The Cribs are gloriously both; purveyors of a stunted romanticism and bullish, anti-fashionista zeal that should put them firmly in the hearts of every misguided teen across the nation. Where other bands ponce about with fiddly arrangements or jarring time signatures, The Cribs cut to the quick with a killer three-note riff and a cussing line about the mirror kissers and self-servers of the world.
Their onstage transformation from incorrigible musical illiterates into a live proposition of genuine power and intensity is by now the stuff of legend, but up until now much of their energy has been lost in translation en route to pressing factory, with a patchy recorded output characterised by indifferent recording and production values.
So when news surfaced that Franz Ferdinand’s Alex Kapranos was to produce the new album, it seemed a window of opportunity had arisen for Wakefield’s finest sons to finally make good on their promise, and hopefully sell a truckload of records into the bargain.
Happily, first single ‘A Man’s Needs’ seems tailor-made to do just that.
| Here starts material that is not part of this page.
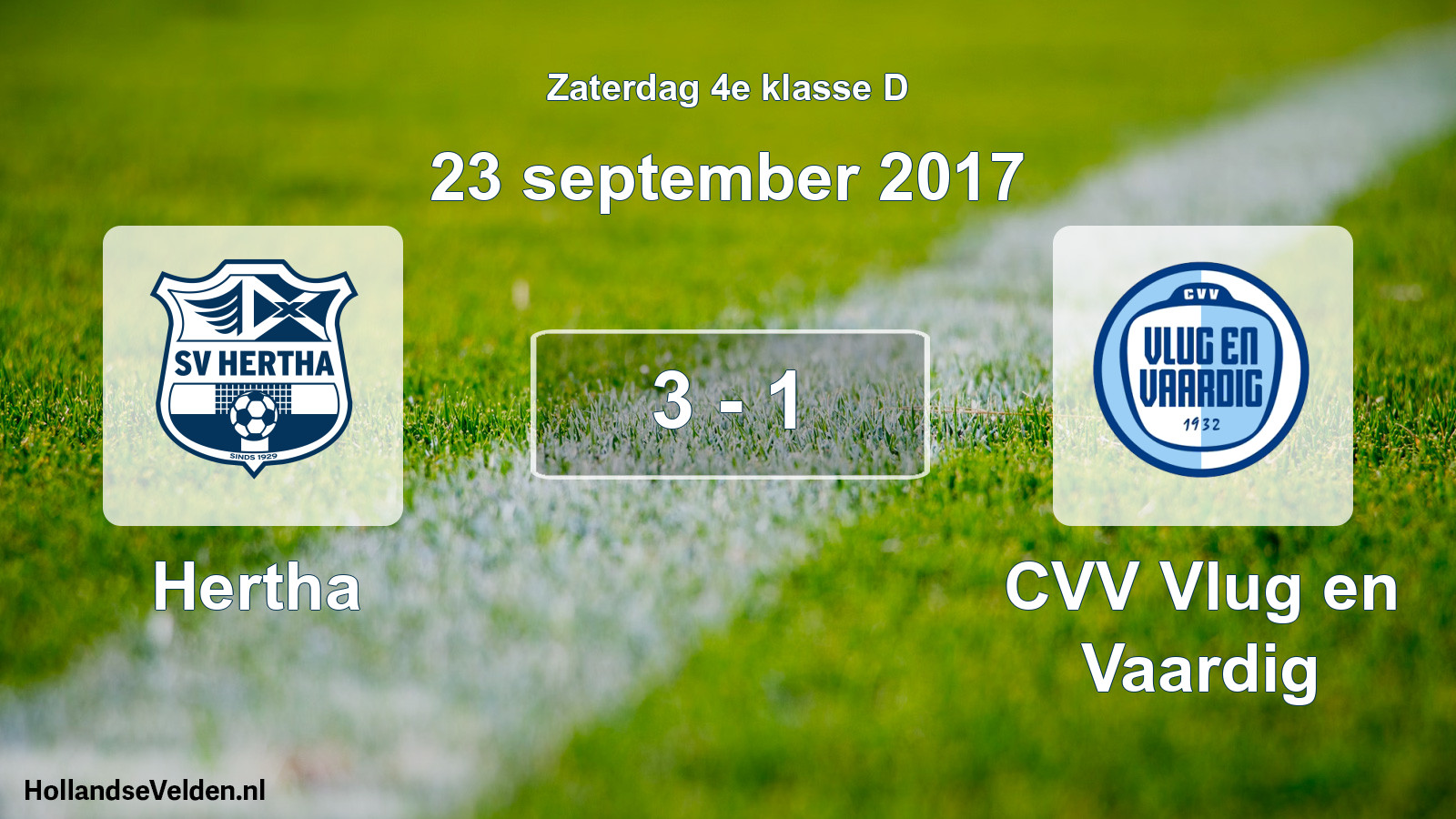 Total number of matches played: Hertha - CVV Vlug en Vaardig 3 - 1 (23 September 2017)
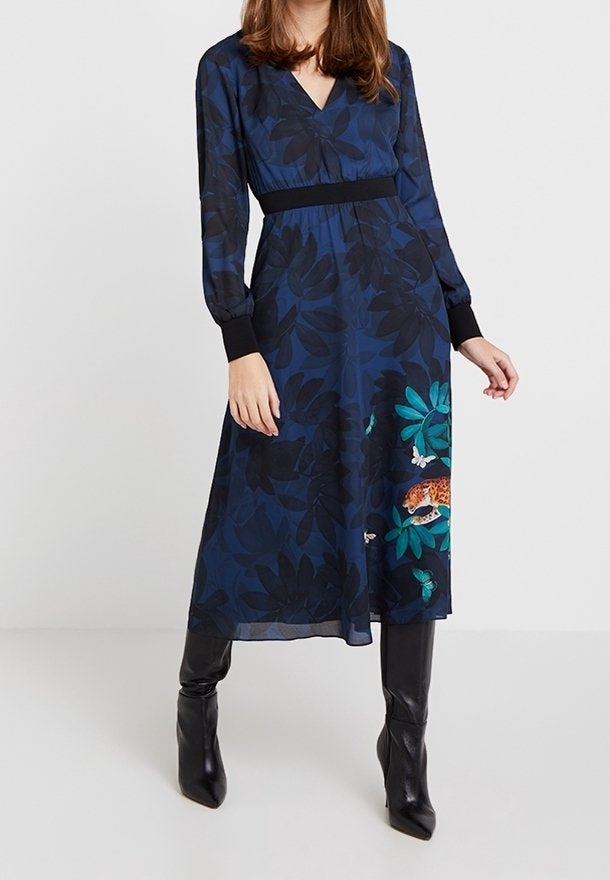 Emrall Houdini long-sleeve navy dress uk 14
Opening with a crisp snare and peaking with a dazzling flurry of guitar stabs that can’t quite admit to itself that it’s a solo, it succeeds in putting the shine on the band’s scuffed melodicism while retaining much of its bite. Let’s just hope an inexplicably bad video doesn’t put the skids under its momentum.
It’s also a reliable indication of what follows – there’ll be no broadening of musical horizons here, thanks very much, only the exhilarating sound of a band raising its game for a shot at the big time. Ultimately, Men’s Needs… is brighter, sharper and just plain better than anything The Cribs have produced to date.
Hence, Lee Ranaldo collaboration ‘Be Safe’ sounds less like an inspired meeting of minds and more like a Cribs song with some guy ranting about blowjobs and self-hate over the top, but still shakes you with its immensity. 'Our Bovine Public' is wiry and splenetic, the fluid guitar lines of 'My Life Flashed Before My Eyes' sound like a spastic echo of the Yeah Yeah Yeahs' 'Y Control', and the torrid riffing of 'Major's Titling Victory' harks back to the scuzzy lo-fi thrash of previous offerings.
Tellingly, the scenester bashing proves to be an enduring past-time, almost as if the band is trying to pre-empt sell-out accusations with a succession of gleeful put-downs: “You’d never exist if you wasn’t generic / You’re out to impress our bovine public”, “I'll level accusations like the press / Until you realise that you've dressed yourself in tatters”.
Kapranos’ success as a first-time producer has been to resist temptation to turn the band into a pale imitation; rather, he has shown them for what they’ve always been, a supremely poppy distillation of punk and art rock influences whose unaffected honesty is impossible not to warm to.
No-one likes a meddling critic dictating what the kids should be listening to nowadays, but, sod that: please, please let it be The Cribs.